The following shows the sequence of commands needed to update a Bugzilla installation via CVS, and a typical series of results.
bash$ cd /var/www/html/bugzilla bash$ cvs login Logging in to :pserver:firstname.lastname@example.org:2401/cvsroot CVS password: ('anonymous', or just leave it blank) bash$ cvs -q update -r BUGZILLA-2_18_1 -dP P checksetup.pl P collectstats.pl P globals.pl P docs/rel_notes.txt P template/en/default/list/quips.html.tmpl (etc.)
If a line in the output from cvs update begins with a C, then that represents a file with local changes that CVS was unable to properly merge. You need to resolve these conflicts manually before Bugzilla (or at least the portion using that file) will be usable.

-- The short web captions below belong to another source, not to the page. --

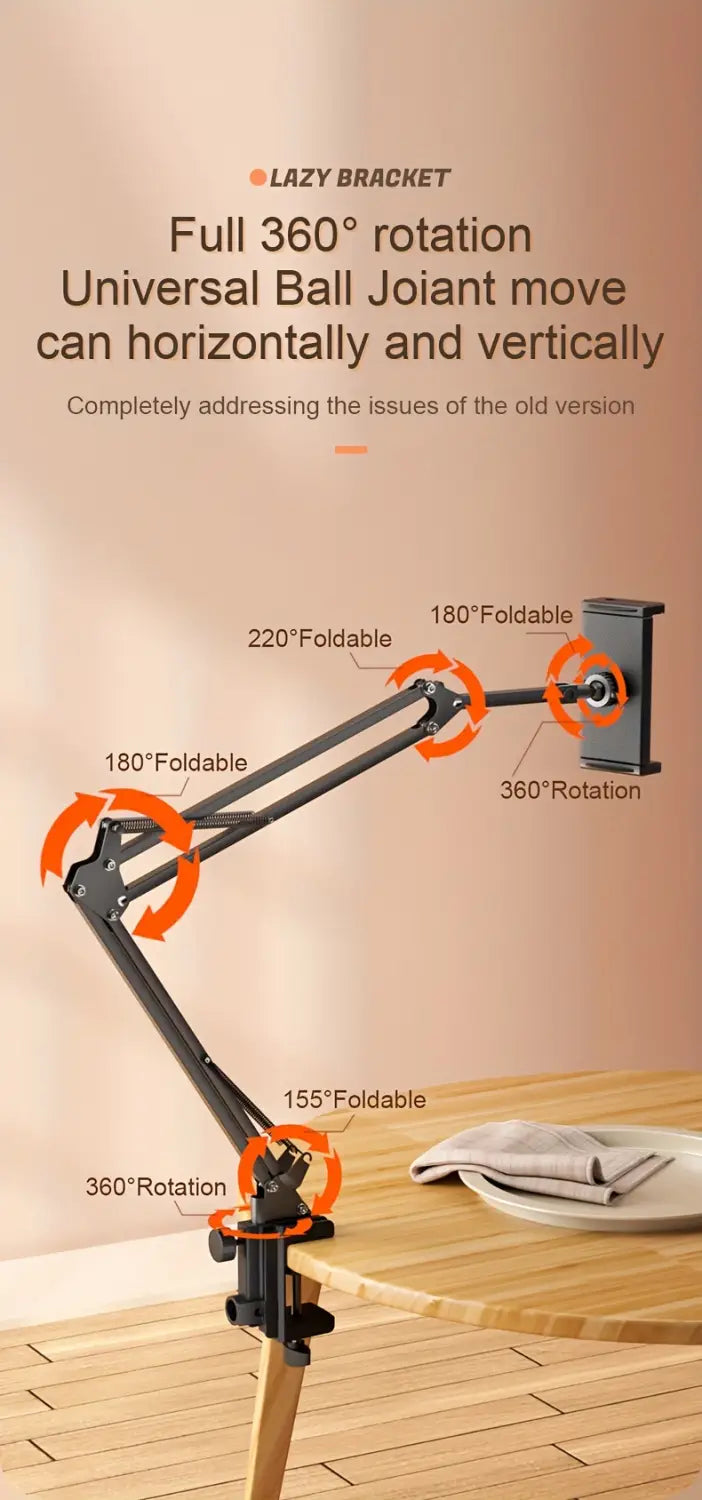 Black metal lazy bracket with full 360-degree rotation and universal ball joint design for adjustable tablet arm clamp for bed.
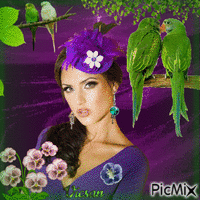 Rostro de mujer con loros - Tonos púrpuras y verdes
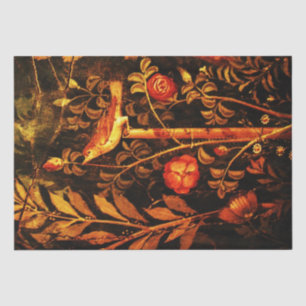 Papier Mousseline NUIT DE COLLECTION POMPEII AVEC ROSES, Rouge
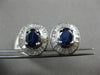 ESTATE 3.38CT DIAMOND & AAA SAPPHIRE 18K WHITE GOLD OVAL HALO CLIP ON EARRINGS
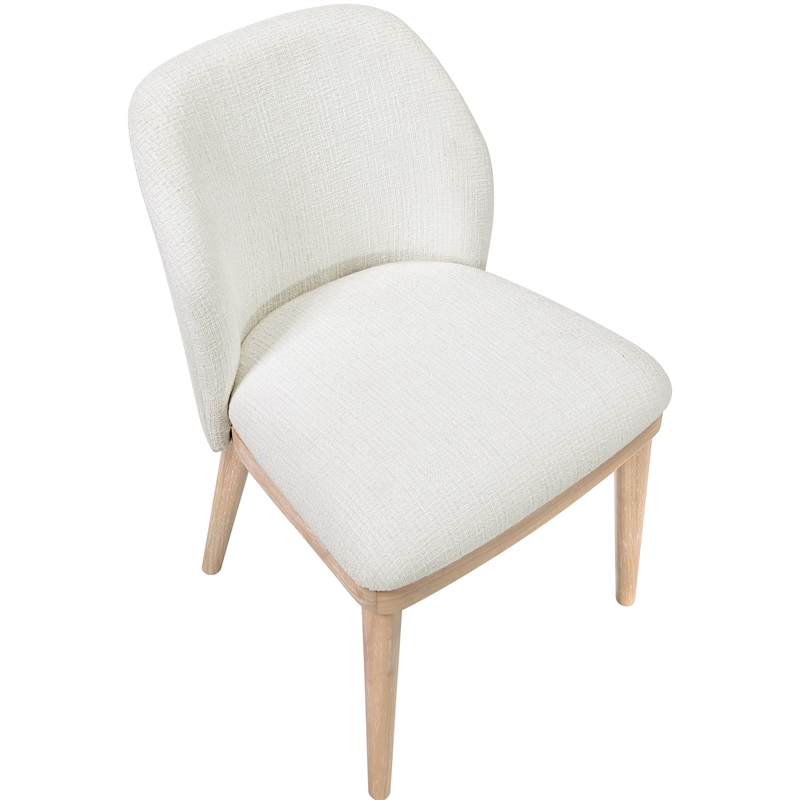 Meridian Furniture Valeo Cream Linen Textured Fabric Dining Chair (Set of 2)
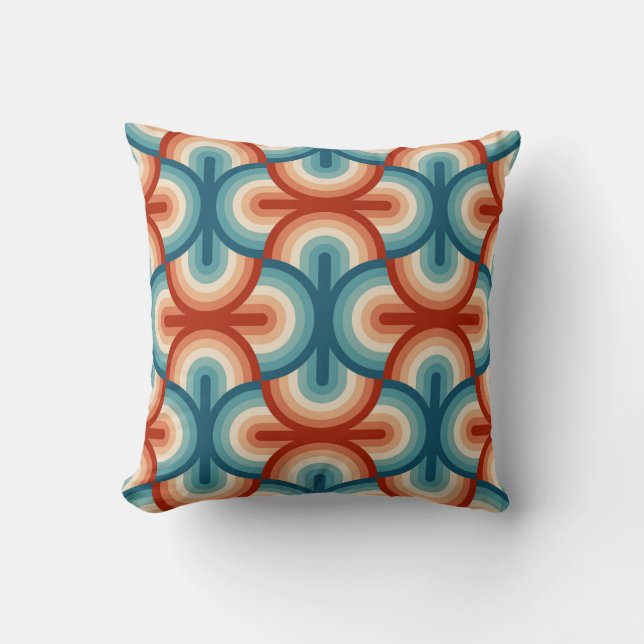 Retro Summer Rainbow Stripes Pattern Cushion (Front)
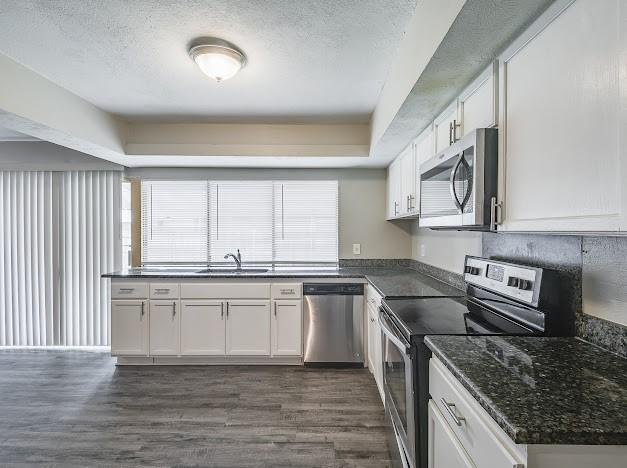 1901 Castille Dr, Carrollton, TX 75007 - kitchen with appliances with stainless steel finishes, a textured ceiling, dark wood-style floors, a sink, and white cabinetry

If you are unable (or unwilling) to use CVS, another option that's always available is to obtain the latest tarball from the Download Page and create a new Bugzilla installation from that.
This sequence of commands shows how to get the tarball from the command-line; it is also possible to download it from the site directly in a web browser. If you go that route, save the file to the /var/www/html directory (or its equivalent, if you use something else) and omit the first three lines of the example.
bash$ cd /var/www/html bash$ wget ftp://ftp.mozilla.org/pub/mozilla.org/webtools/bugzilla-2.18.1.tar.gz (Output omitted) bash$ tar xzvf bugzilla-2.18.1.tar.gz bugzilla-2.18.1/ bugzilla-2.18.1/.cvsignore bugzilla-2.18.1/1x1.gif (Output truncated) bash$ cd bugzilla-2.18.1 bash$ cp ../bugzilla/localconfig* . bash$ cp -r ../bugzilla/data . bash$ cd .. bash$ mv bugzilla bugzilla.old bash$ mv bugzilla-2.18.1 bugzilla
The cp commands both end with periods which is a very important detail, it tells the shell that the destination directory is the current working directory.
This upgrade method will give you a clean install of Bugzilla with the same version as the tarball. That's fine if you don't have any local customizations that you want to maintain, but if you do then you will need to reapply them by hand to the appropriate files.
It's worth noting that since 2.12, the Bugzilla tarballs come CVS-ready, so if you decide at a later date that you'd rather use CVS as an upgrade method, your code will already be set up for it.
If you are doing a bugfix upgrade -- that is, one where only the last number of the revision changes, such as from 2.16.6 to 2.16.7 -- then you have the option of obtaining and applying a patch file from the Download Page. This file is made available by the Bugzilla Development Team, and is a collection of all the bug fixes and security patches that have been made since the last bugfix release. If you are planning to upgrade via patches, it is safer to grab this developer-made patch file than to read the patch notes and apply all (or even just some of) the patches oneself, as sometimes patches on bugs get changed before they get checked in.
As above, this example starts with obtaining the file via the command line. If you have already downloaded it, you can omit the first two commands.
bash$ cd /var/www/html/bugzilla bash$ wget ftp://ftp.mozilla.org/pub/mozilla.org/webtools/bugzilla-2.18.0-to-2.18.1.diff.gz (Output omitted) bash$ gunzip bugzilla-2.18.0-to-2.18.1.diff.gz bash$ patch -p1 < bugzilla-2.18.0-to-2.18.1.diff patching file checksetup.pl patching file collectstats.pl patching file globals.pl (etc.)
Be aware that upgrading from a patch file does not change the entries in your CVS directory. This could make it more difficult to upgrade using CVS (Section 126.96.36.199) in the future.
Regardless of which upgrade method you choose, you will need to run ./checksetup.pl before your Bugzilla upgrade will be complete.
bash$ cd bugzilla bash$ ./checksetup.pl
The period at the beginning of the command ./checksetup.pl is important and can not be omitted.
If you have done a lot of local modifications, it wouldn't hurt to run the Bugzilla Testing suite. This is not a required step, but it isn't going to hurt anything, and might help point out some areas that could be improved. (More information on the test suite can be had by following this link to the appropriate section in the Developers' Guide.)